• _SUPPLIED DATA_
+++

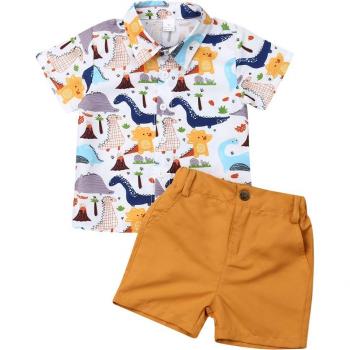 Dinosaur Print Toddler Boys Summer Clothes Set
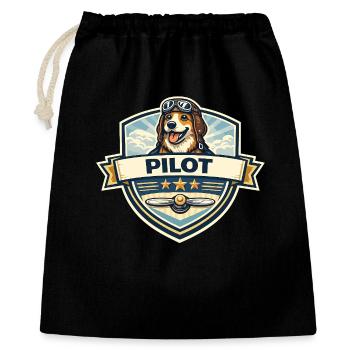 Dessin animé du badge de pilote chien - Sac cadeau 40 x 50 cm - noir - Devant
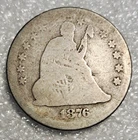 1876 Seated Liberty 90% Silver Quarter About Good
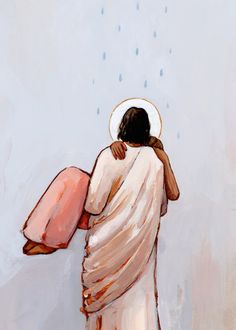 a painting of a woman with her back to the camera, holding an umbrella over her head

+++

• _PROBLEM TO SOLVE_
Return exactly the lines running from the line with "1876 Seated Liberty" through the final line of the listing. Leave the pictures out.

• _RESPONSE TO THE TASK_
 1876 Seated Liberty 90% Silver Quarter About Good
 a painting of a woman with her back to the camera, holding an umbrella over her head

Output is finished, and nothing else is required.